In their second bite at the apple, the investors accusing The Charles Schwab Corporation and non-party UBS Securities LLC of an illicit agreement to siphon money from client trades said their motion now satisfies the requirements for class certification in the securities fraud case.
Last week’s filing first points to a 2004 deal under which Schwab sold its capital markets division to UBS for $265 million. “As an integral part of that transaction, Schwab and UBS entered into the Equities Order Handling Agreement (EOHA), which contractually required Schwab to route the vast majority of its non-directed customer equity orders to UBS,” the motion said.
Critically, the suit explained that Schwab omitted critical facts from its clients with regard to “non-directed equity orders to UBS,” between 2011 and 2014. Though promised the best possible execution with regular quality monitoring, the financial fraud action claimed that the investors received inferior executions.
Because Schwab automatically routed its customers’ orders to UBS it permitted UBS to handle them in ways that elevated its self-interest above that of customers, the motion said. Specifically, UBS benefitted by “trading against those orders for UBS’s own account, allowing UBS customers to trade against those orders, or simply routing them onward to other destinations that would pay UBS for providing the orders, regardless of whether that destination would provide best execution.”
In addition, Schwab reaped the benefits of the agreement by, beginning in November 2012, and pursuant to the EOHA, receiving tens of millions of dollars per year. The payouts from UBS came in the form of periodic “payment for order flows” or volume-based payments based on the total number of orders Schwab routed to UBS.

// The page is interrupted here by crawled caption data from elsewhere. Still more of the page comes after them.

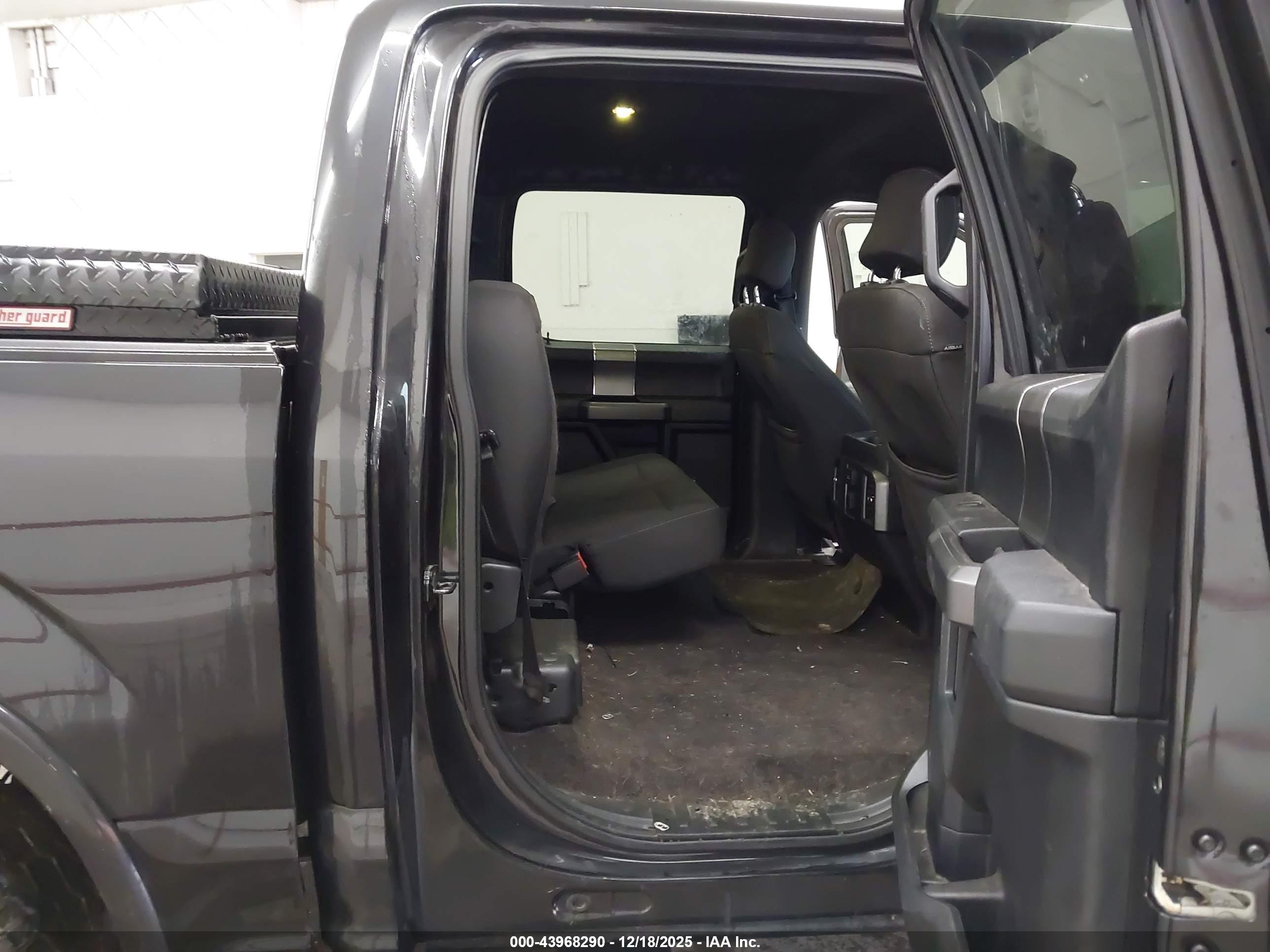 FORD F-150 image 8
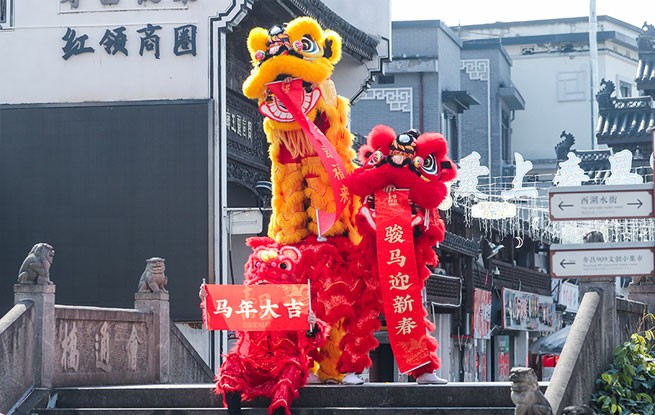 浙江古镇举办传统民俗活动迎新春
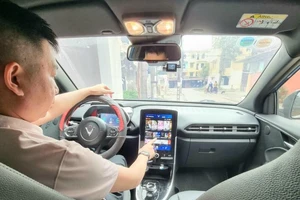 Chủ xe VinFast VF e34 nói gì khi xem video trên FPT Play trong lúc sạc xe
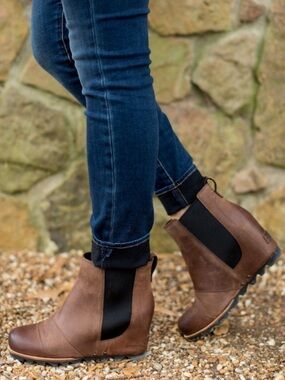 Sorel Lea Hidden Wedge Boots Redwood Leather Womens Sz 6.5 Chelsea Ankle Slip On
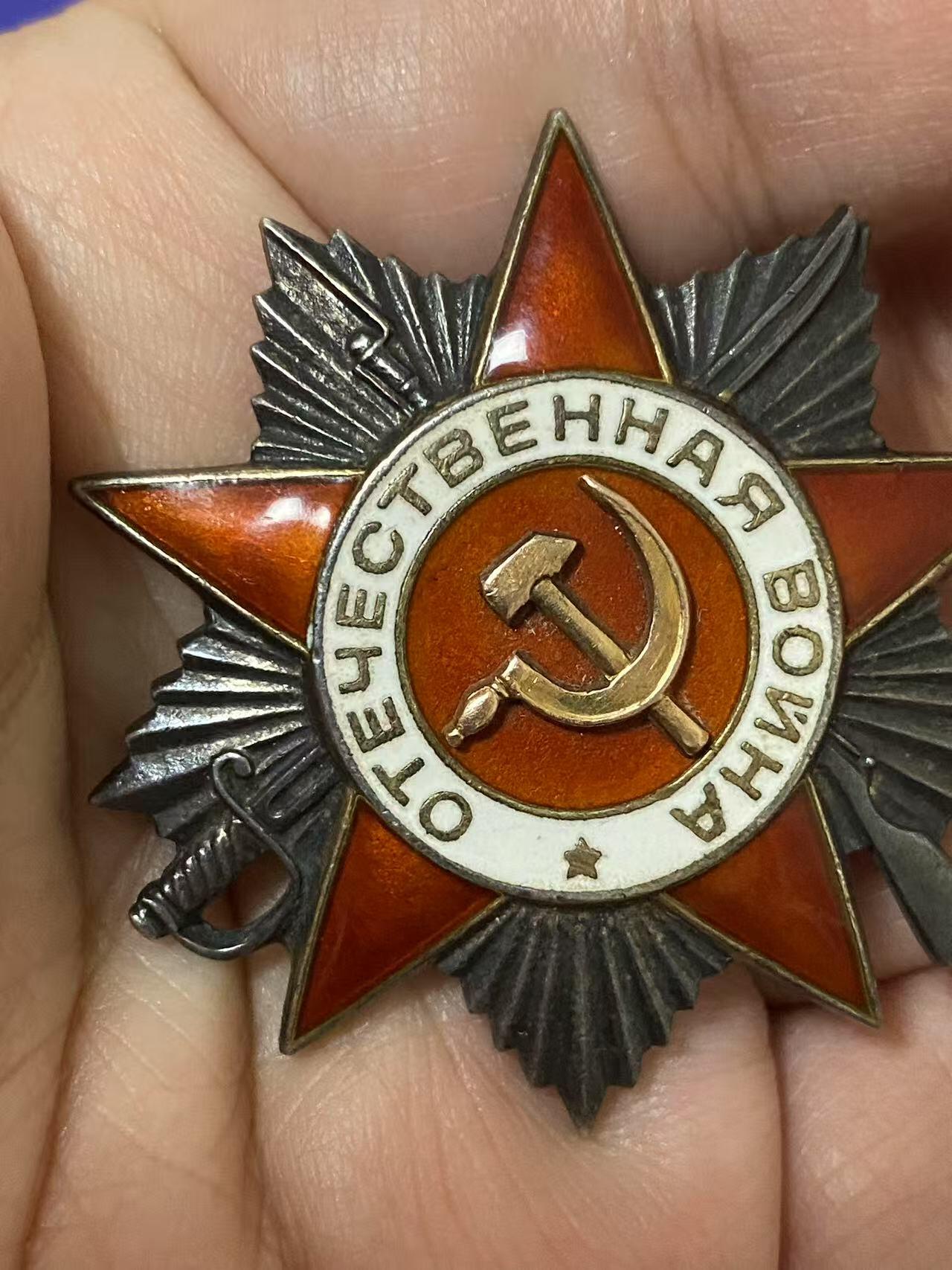 苏联勋章奖章5月8日晚上九点结束在麦稀奇 找不到的加我qq或者微信都是184277308备注苏章拍卖。最好加微信群每次都会通知还有提前可以一口价的 最近会持续拍卖一些东西。 苏联二战二级为国勋章 791703 好品 柏林市消灭2人 右下角右边缘有小剥皮 其他很好 原配党徽 Горских Иван Григорьевич 702利沃夫自行火炮团维修队钳工 他和队里的维修工们表现勇敢无畏，击退了敌军冲锋枪手的袭击，在柏林市的战斗中他本人消灭了2个。挺少见的维修人员杀敌的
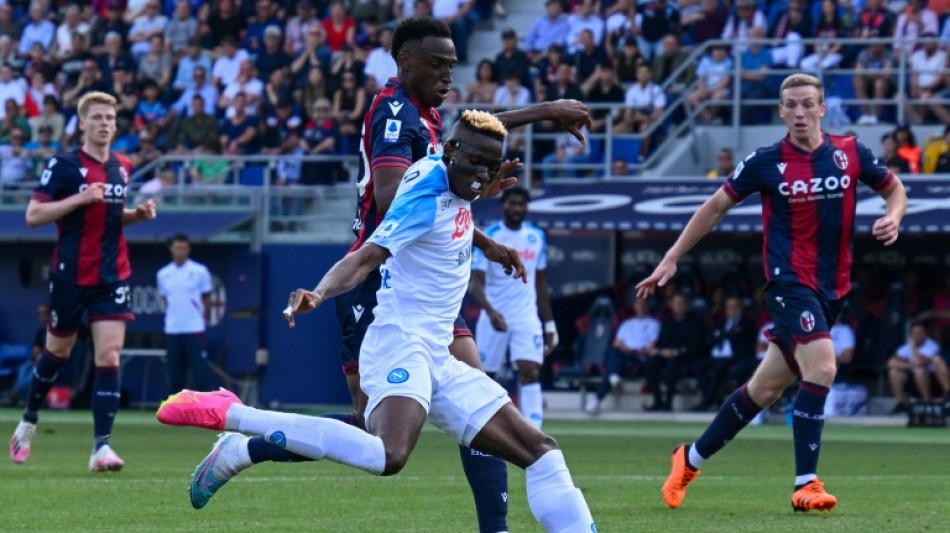 Lecce safe after late penalty drama, Lazio reclaim second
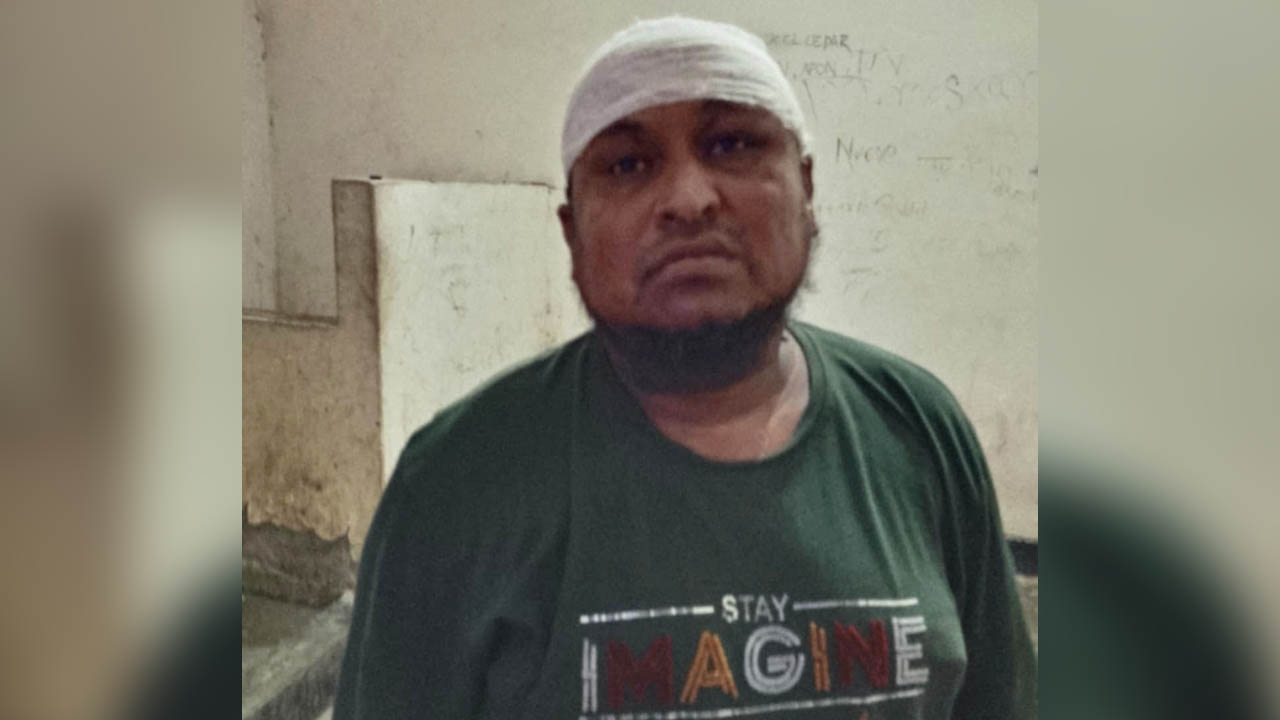 ফতুল্লায় যুবলীগ সভাপতিকে গণপিটুনি, পুলিশে সোপর্দ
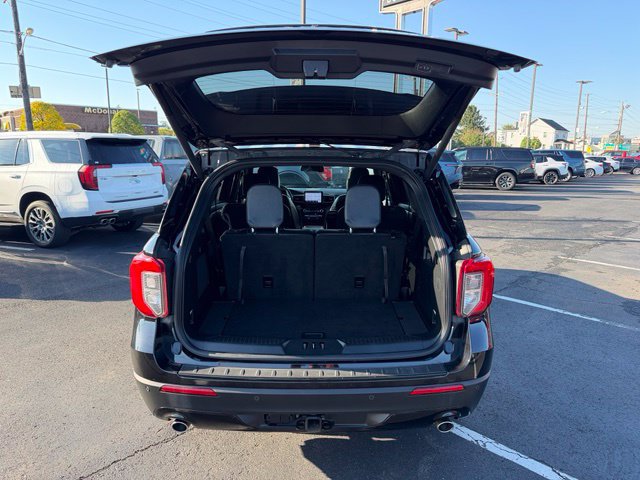 Used 2023 Ford Explorer ST-Line w/ Class IV Trailer Tow Package AWD/4WD image 12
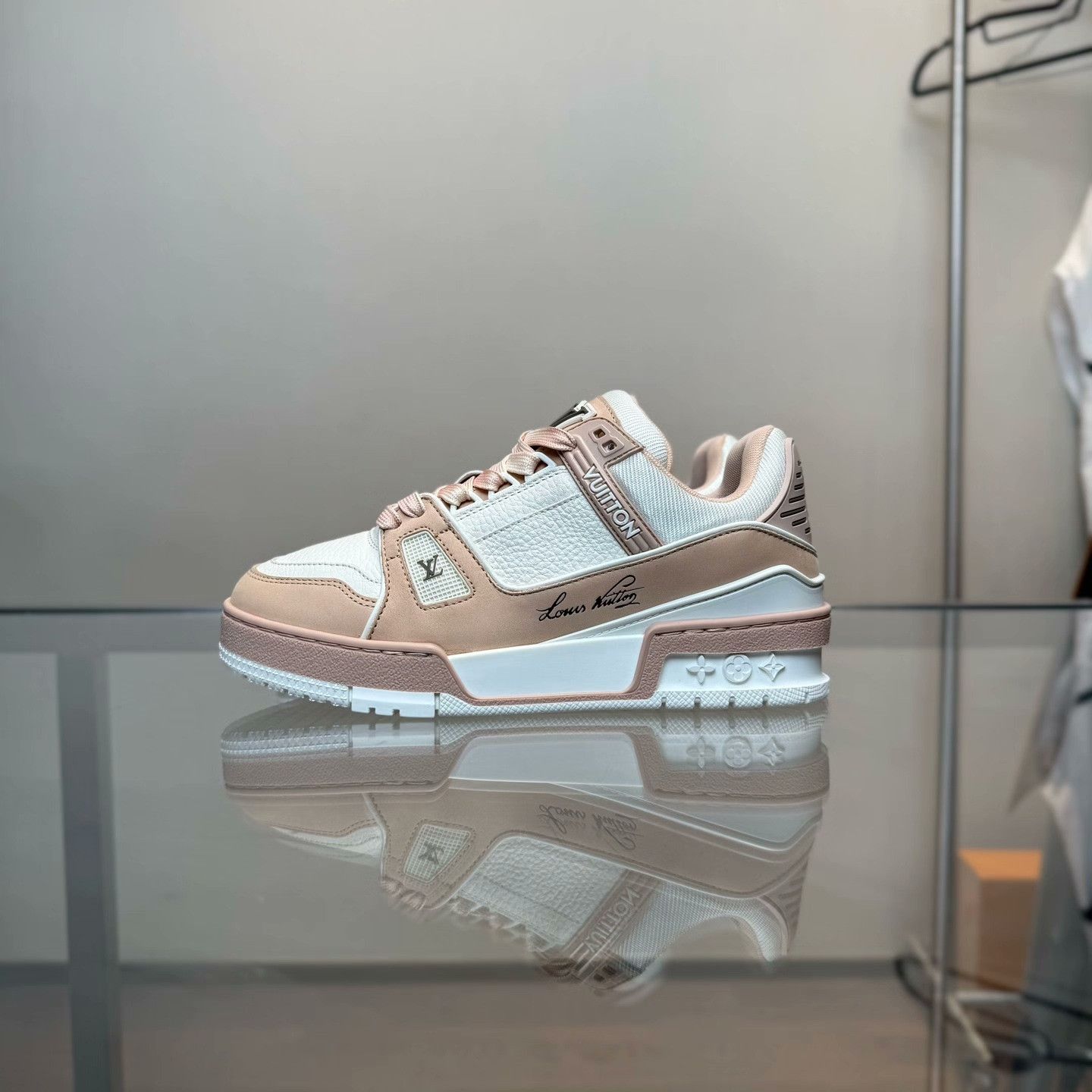 Louis Vuitton Louis Vuitton Training Pink Lowtop Sneakers 35 Women Size US 5 / IT 35 - 5 Thumbnail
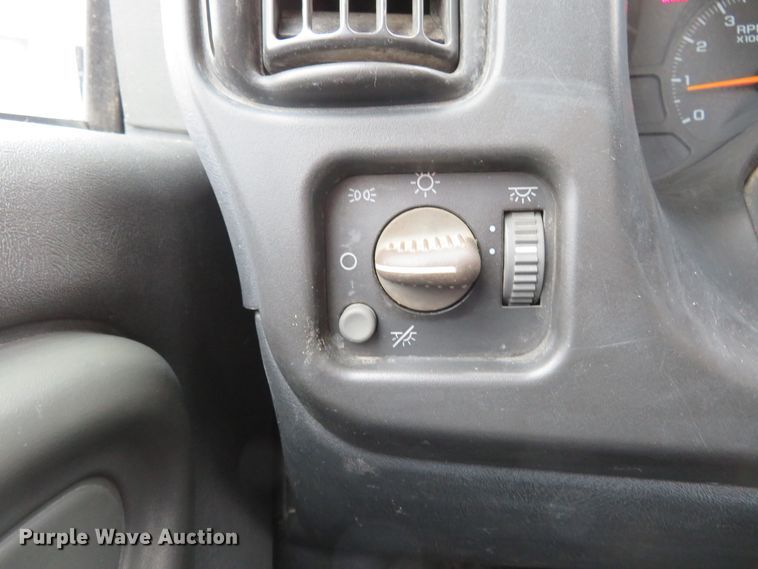 image for item FB9789 2006 GMC C6500  water truck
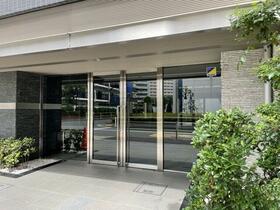 16/24 エントランス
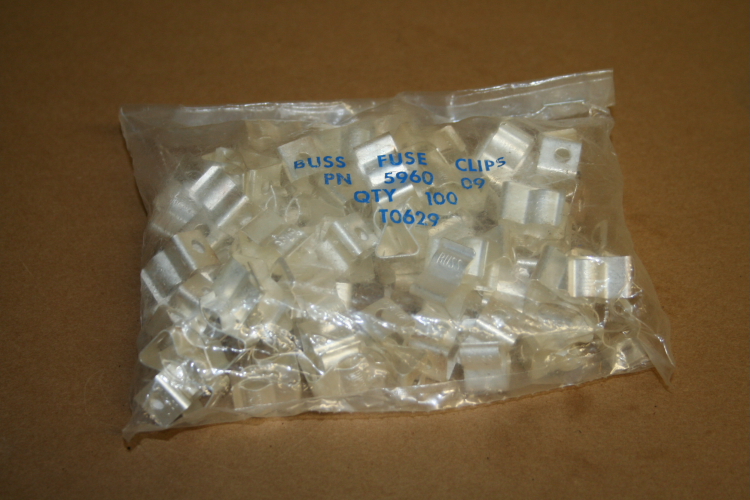 Fuse clips for 13/32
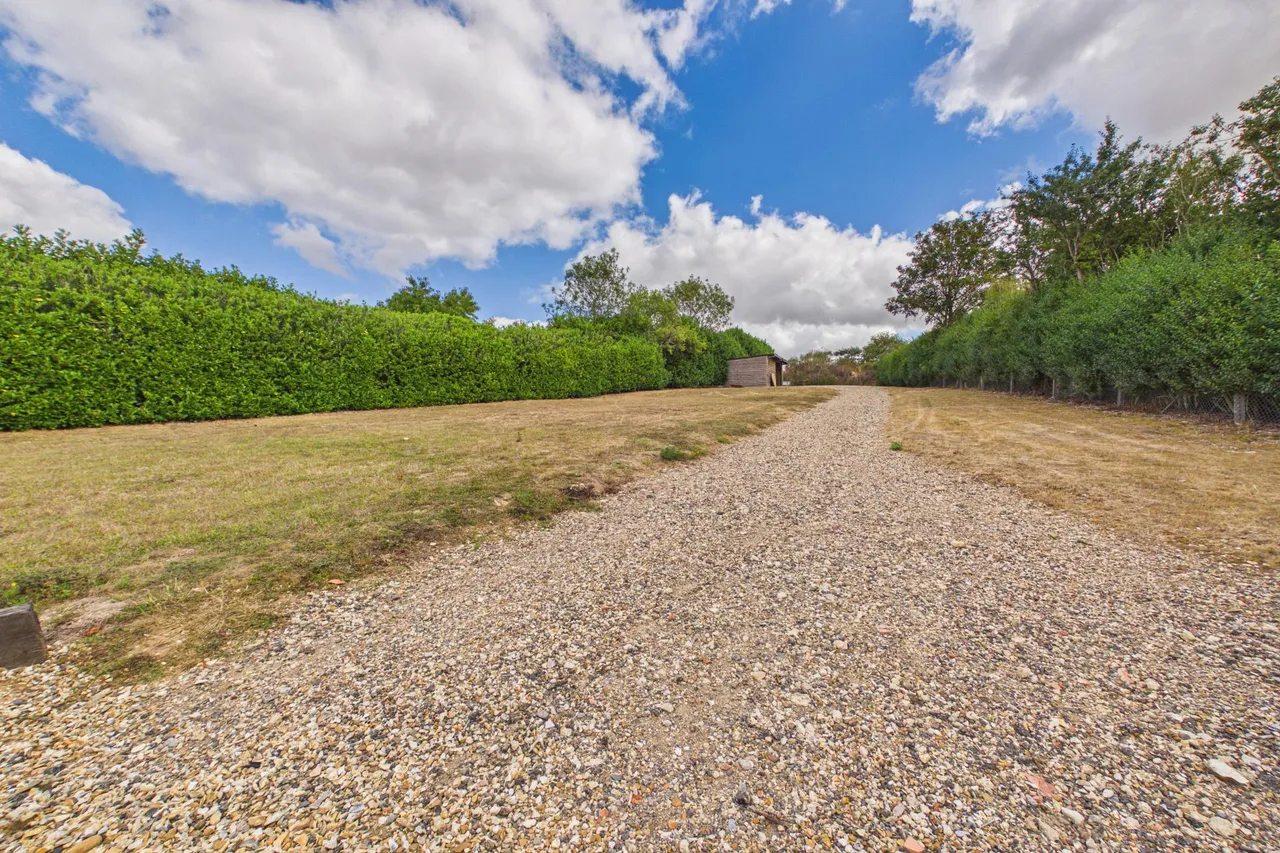Sudbury Road, Little Whelnetham, photo 26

The suit claimed that investors sustained monetary damages resulting from Schwab’s representations that they were receiving the best execution for their orders when in actuality, they were not.
Previously, Judge Richard Seeborg denied the plaintiffs’ motion for class certification on the basis that “no presumption of reliance applies, and so commonality and predominance were lacking.” The plaintiffs unsuccessfully appealed.
Now, and pivoting from their previous tack, the plaintiffs seek certification under Federal Rule of Civil Procedure 23(c)(4) with respect to the issues of falsity, scienter, and the presence of a scheme.
“Because those issues focus exclusively on Schwab’s uniform conduct identically affecting all Class members, they can be proven by common evidence, and easily satisfy the Rule 23(a) factors,” the plaintiffs contended.
The motion also seeks appointment of two lead plaintiffs and appointment of Glancy Prongay & Murray LLP, Bragar Eagel & Squire P.C., and Levi & Korsinsky LLP as class counsel. Charles Schwab is represented by Arnold & Porter Kaye Scholer LLP and Sidley Austin LLP.